I'm not to sure but off the top I think the compressor is the same size on them 71mm wheel but the turbine is different by 6mm the gt3071 being bigger at 60mm. But I could be wrong.. I got a great deal on the turbo paid 800 new so that's the reason I went with it. The gt2871 at 18-19 should put me around 250iish - 280 depending how good my head is breathing, cam, tune etc. I had another turbo end aba couple years back as a daily and it was a t25 sized turbo felt really good at 105psi spooled super fast but flattened out after 5200 rpm. If I had to guess it felt like it was around 170ish,


----------



## G60 Carat (May 14, 2004)

I ran 15psi with the supercharger, so I'll set the wastegate for the same. Might be able to squeak it as high as 17psi at this elevation and be just at the max of the 2bar map sensor. I'll run an extra injector setup if need be, (and then boost it even higher)

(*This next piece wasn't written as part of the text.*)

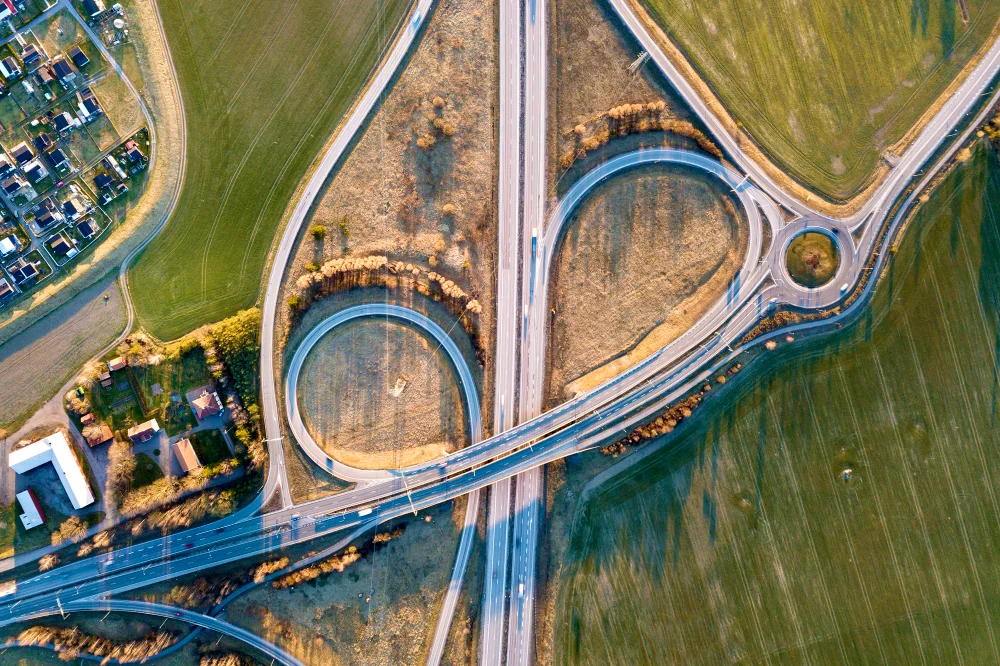 Vista aerea di infrastruttura stradale, simbolo degli appalti infrastrutturali di Santangelo Costruzioni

I run nitrous on this car as well, and the .AR of the turbine is the smaller .48, which is the only thing I'm worried about, and went back and forth on several times. Go with the big .63 T3 turbine and have ****ty spool time for street use, but lots of good exhaust flow when using nitrous; or go with the .48 turbine and have a good street car, fast spool but risk choking it up a under spray?


----------



## cifdig (Jun 4, 2005)

G60 Carat said:


> I ran 15psi with the supercharger, so I'll set the wastegate for the same. Might be able to squeak it as high as 17psi at this elevation and be just at the max of the 2bar map sensor. I'll run an extra injector setup if need be, (and then boost it even higher)
> 
> I run nitrous on this car as well, and the .AR of the turbine is the smaller .48, which is the only thing I'm worried about, and went back and forth on several times. Go with the big .63 T3 turbine and have ****ty spool time for street use, but lots of good exhaust flow when using nitrous; or go with the .48 turbine and have a good street car, fast spool but risk choking it up a under spray?


I spool pretty fast with the .63 but then again I'm awic with barley no pipes so I'm sure that adds to my spool. Also I have water meth installed . One is pre turbo which is a small nozzle #1 , and the other is post intercooler number 4 deff adds to my fueling a tad and keeps detonation down . Also the water meth itself because of the cooling affect adds 1 psi of boost


----------



## G60 Carat (May 14, 2004)

Makes sense, spraying nitrous on the G60 would jump the boost pressure 2psi also.


----------



## cifdig (Jun 4, 2005)

Which cam u running?


----------



## G60 Carat (May 14, 2004)

Schrick 272


----------



## cifdig (Jun 4, 2005)

G60 Carat said:


> Schrick 272


I have the 272 /270 449 lift


----------